[Prompt]:
Go through the data below and transcribe it exactly. Omit the images.

[Dataset content]:
= = = = = = =

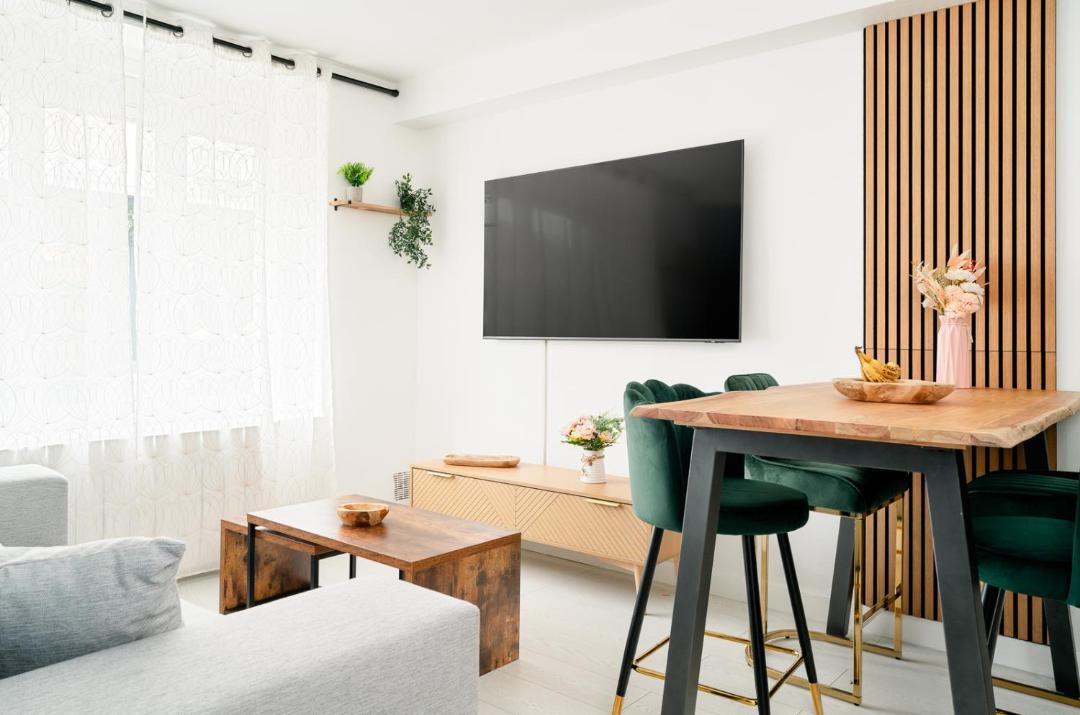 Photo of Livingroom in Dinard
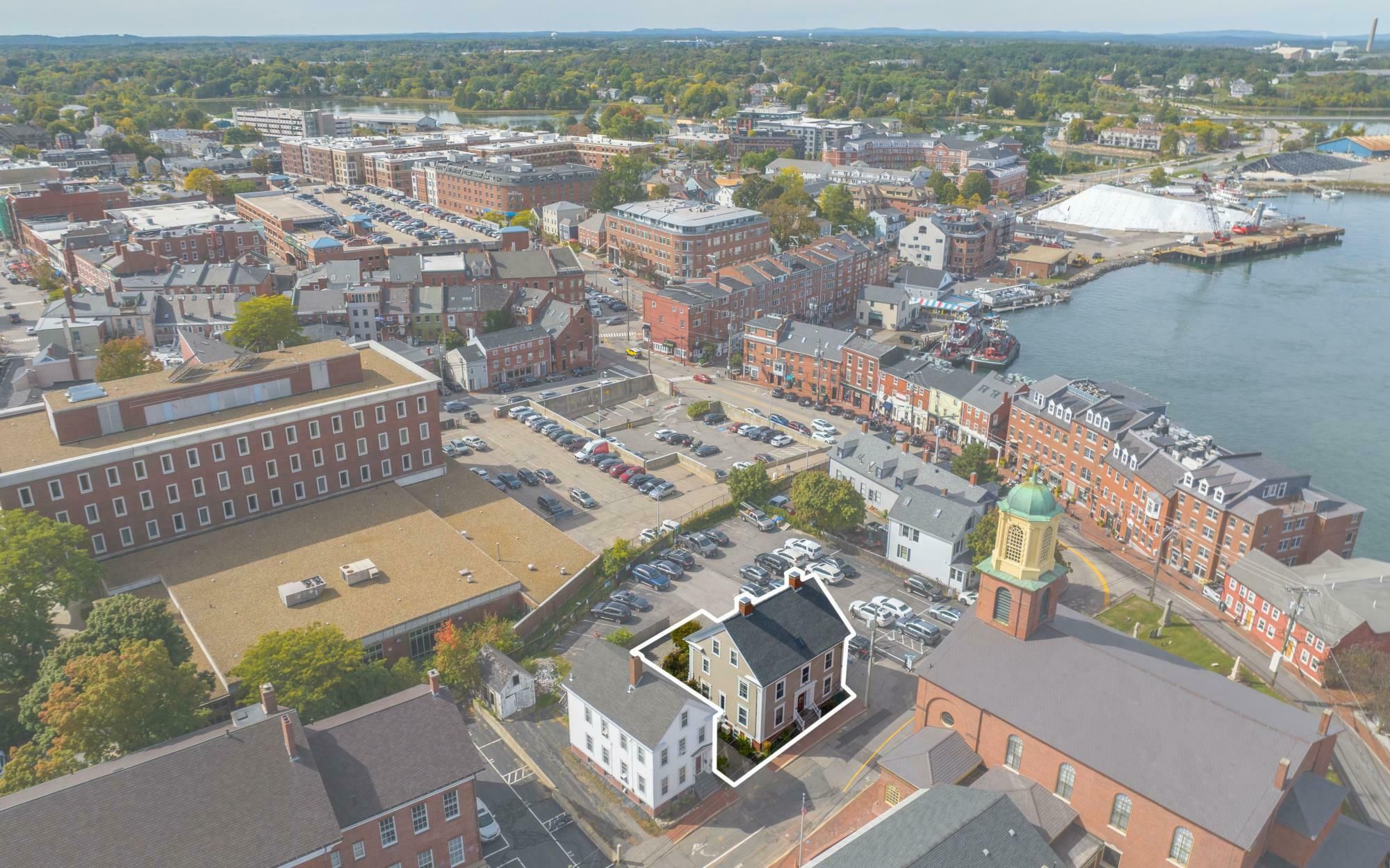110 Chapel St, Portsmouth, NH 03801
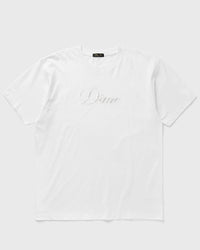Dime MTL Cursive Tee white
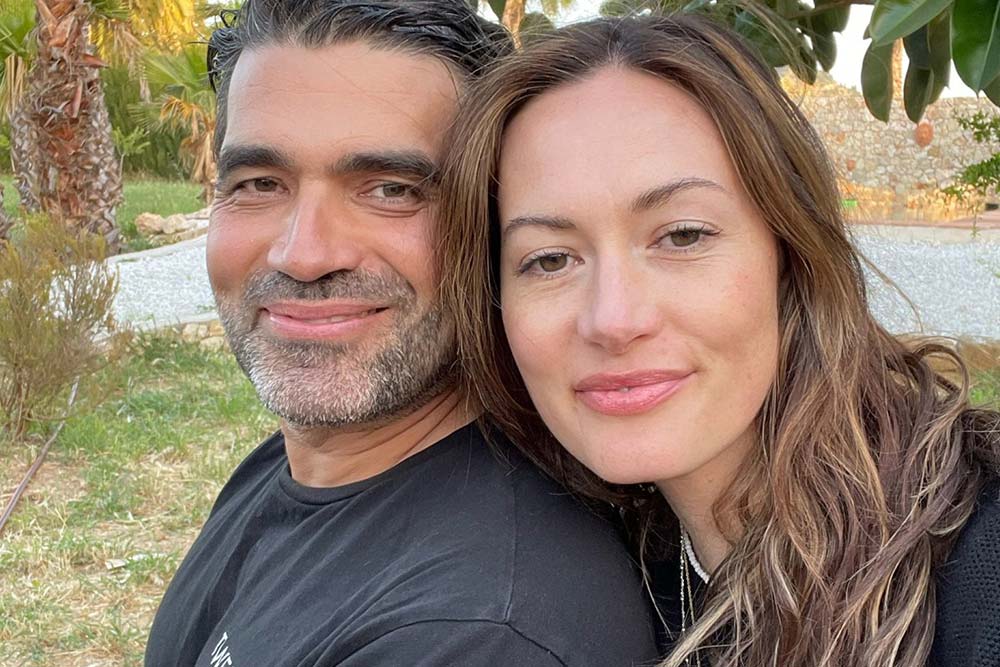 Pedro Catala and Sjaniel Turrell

= = = = = = =

[Solution to this exercise]:
 Photo of Livingroom in Dinard
110 Chapel St, Portsmouth, NH 03801
Dime MTL Cursive Tee white
 Pedro Catala and Sjaniel Turrell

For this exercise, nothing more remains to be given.